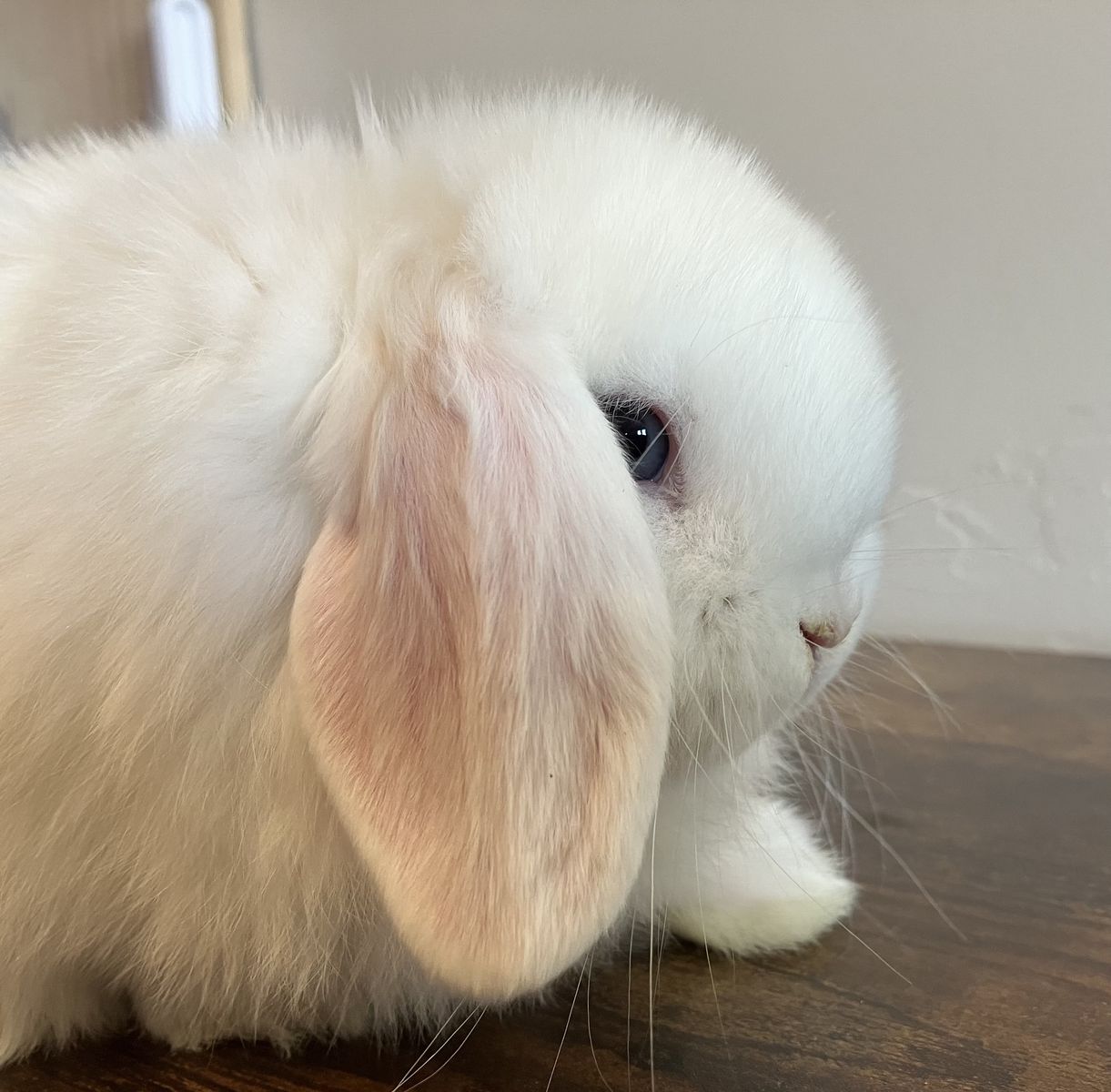 Purebred Holland Lop Bunnies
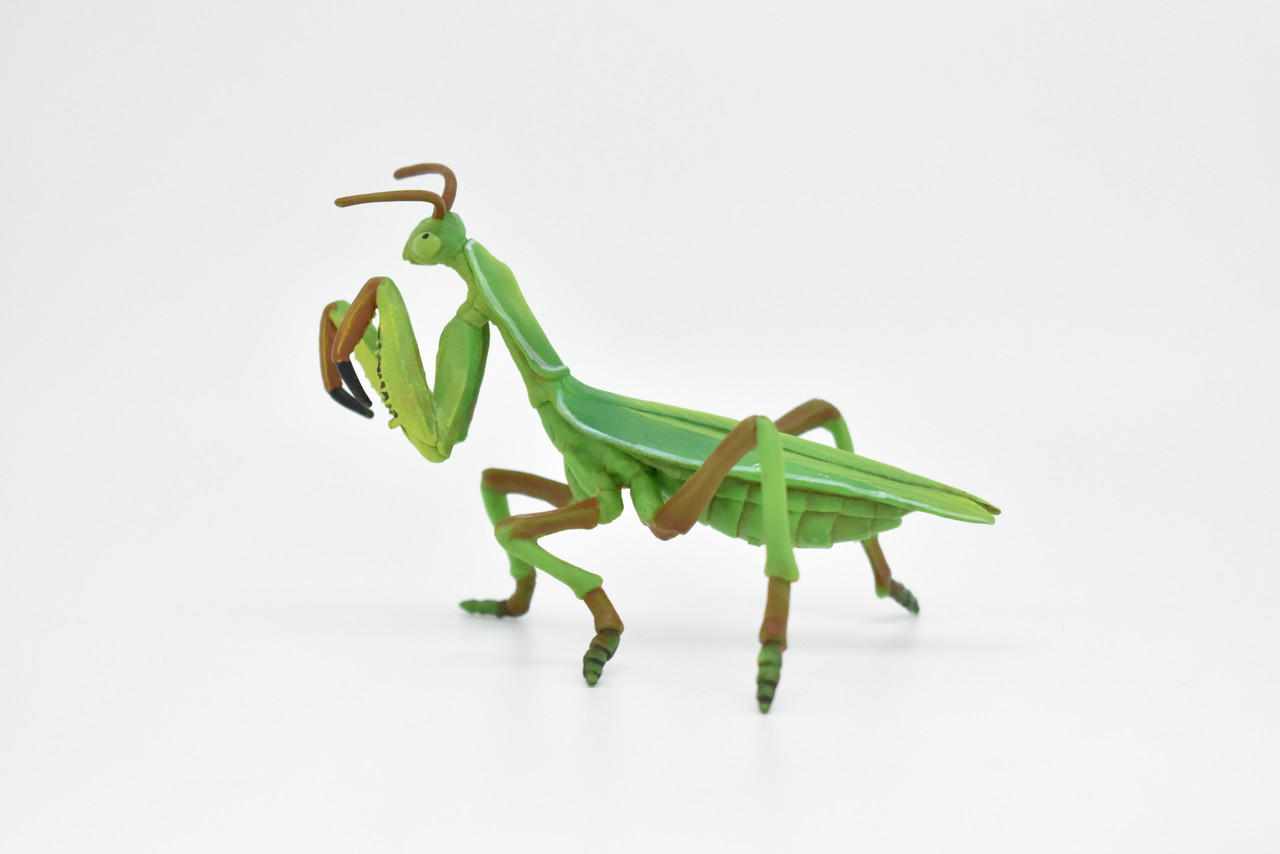 Praying Mantis, Museum Quality, Rubber Insect, Design, Educational, Hand Painted, Figure, Lifelike Toy, Model, Figurine, Replica, Gift,   4"      CWG243 B239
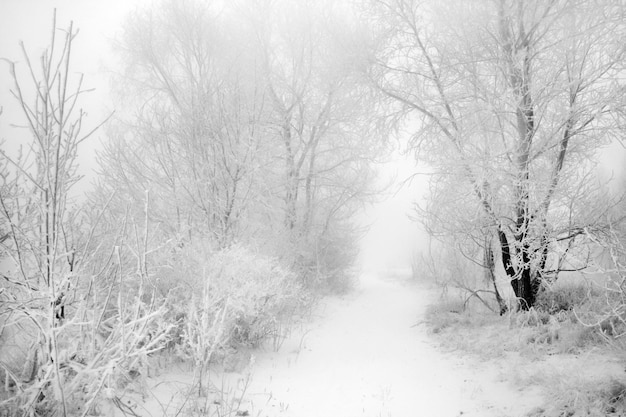 Arbres d'hiver dans le gel et le brouillard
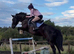 15.2hh 6 year old sporty Irish cob mare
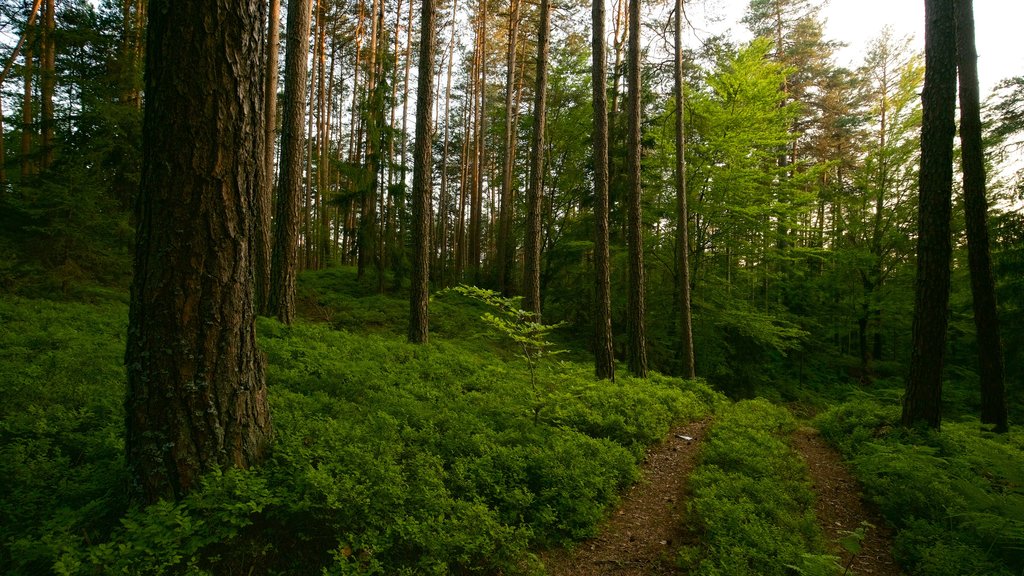 Keutschach am See mettant en vedette scènes forestières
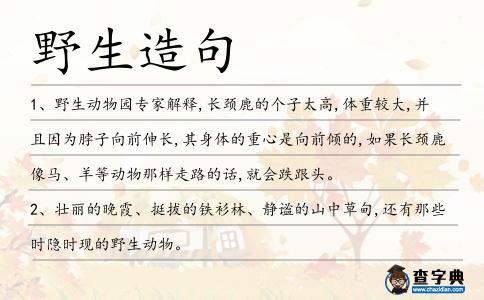 野生造句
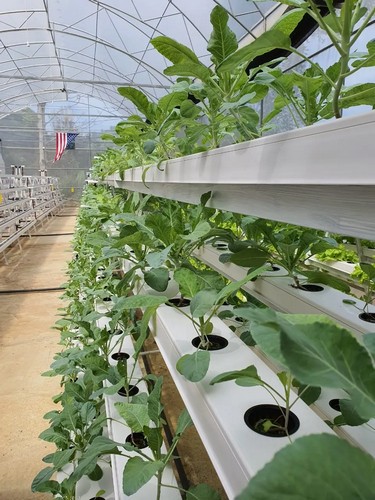 5.G AND N FORTUNE LIMITED provides lighting solutions for optimal hydroponic growth.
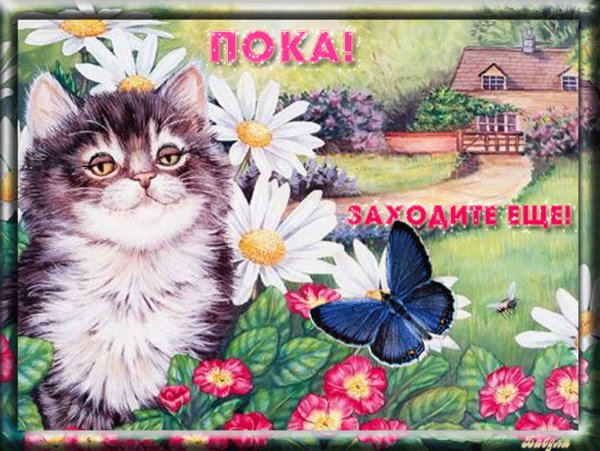 Высказывания про поезда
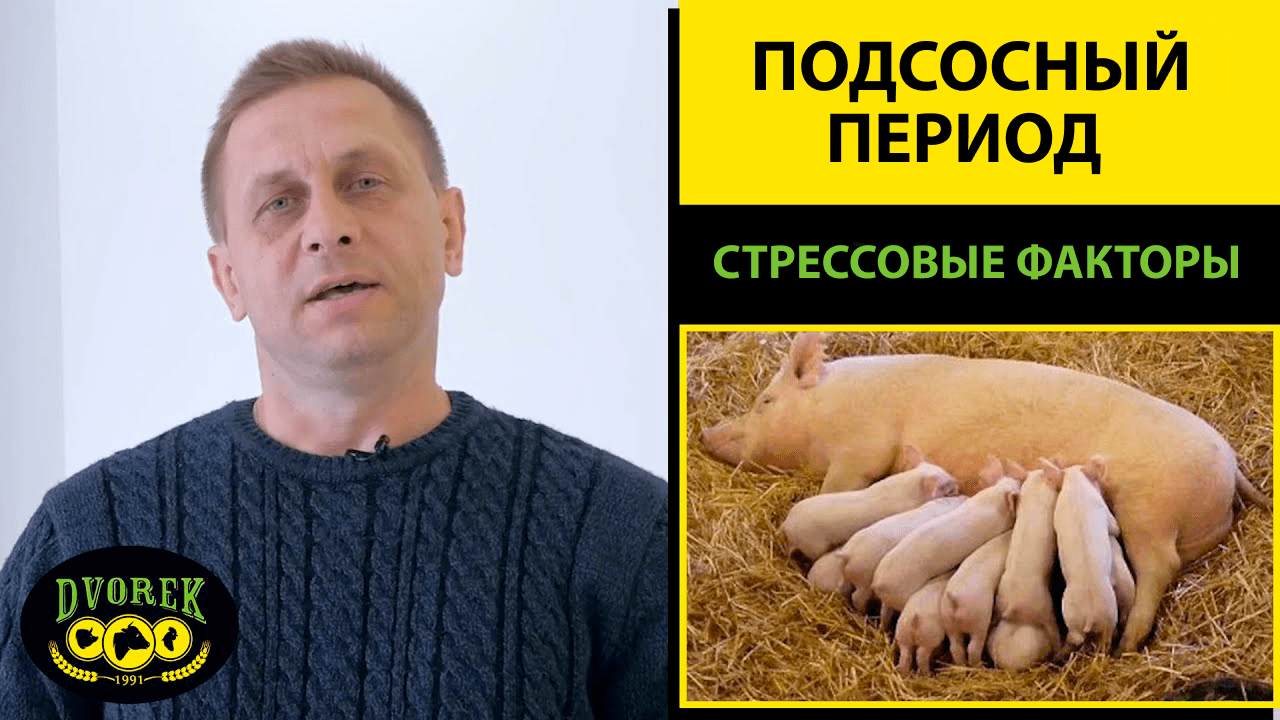 Стрессовые факторы в подсосный период поросят
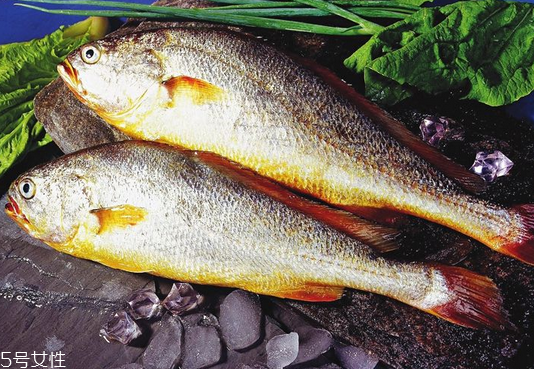 黄花鱼怎么样(黄花鱼长什么样) 黄花鱼怎么样(黄花鱼长什么样)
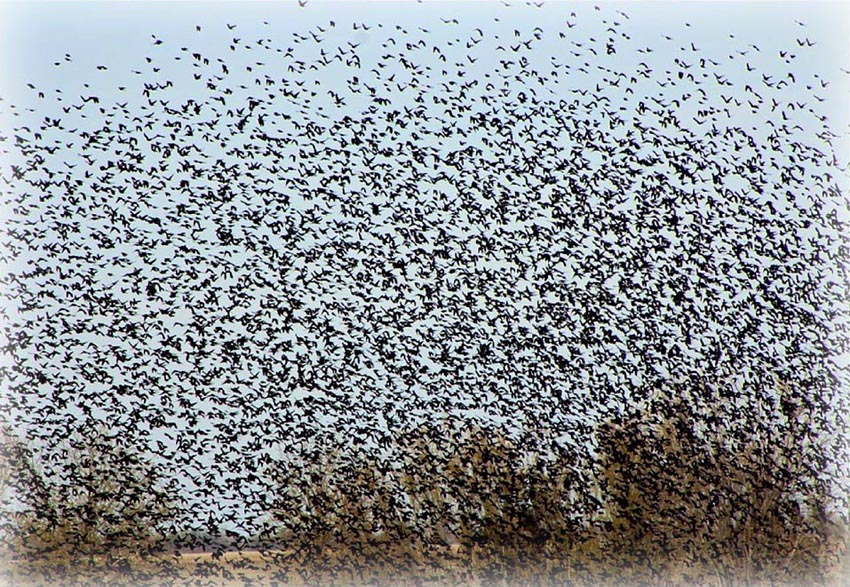 Ein Vogelschwarm, der den Himmel bedeckt.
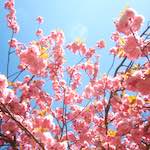 image: Image from the photoset ‘
escher blummen (iii)
’.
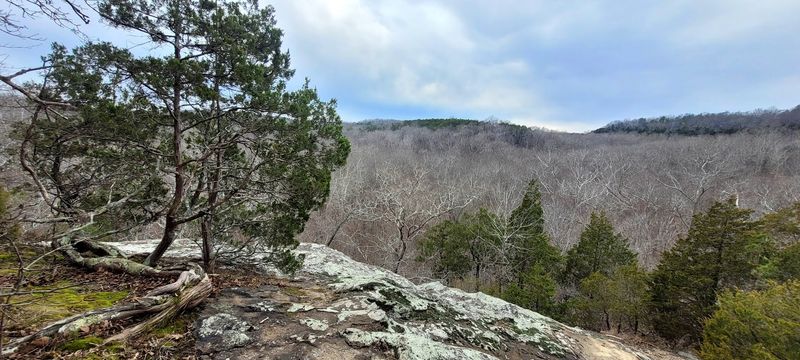 High Knob Lookout, Shawnee National Forest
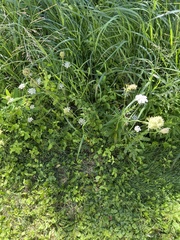 Daucus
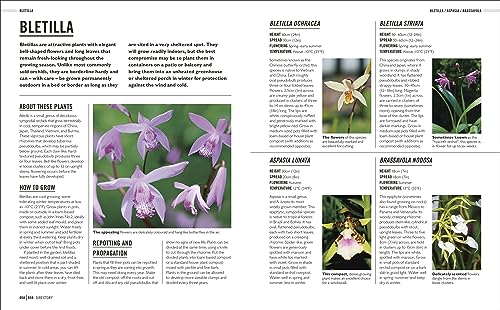 Grow Orchids: Essential Know-how and Expert Advice for Gardening Success - Retail Maharaj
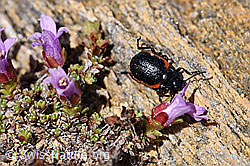 Rotsaum-Blattkäfer (Chrysolina sanguinolenta) (F170370) Rotsaum-Blattkäfer (Chrysolina sanguinolenta) (F170370)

○ ○ ○

→ **Prompt**
Your copy should run from the line that has "image: Image from the photoset ‘" through the last line above, exactly, with both ends in and pictures out.

→ **Answer below**
 image: Image from the photoset ‘
escher blummen (iii)
’.
 High Knob Lookout, Shawnee National Forest
 Daucus
 Grow Orchids: Essential Know-how and Expert Advice for Gardening Success - Retail Maharaj
 Rotsaum-Blattkäfer (Chrysolina sanguinolenta) (F170370) Rotsaum-Blattkäfer (Chrysolina sanguinolenta) (F170370)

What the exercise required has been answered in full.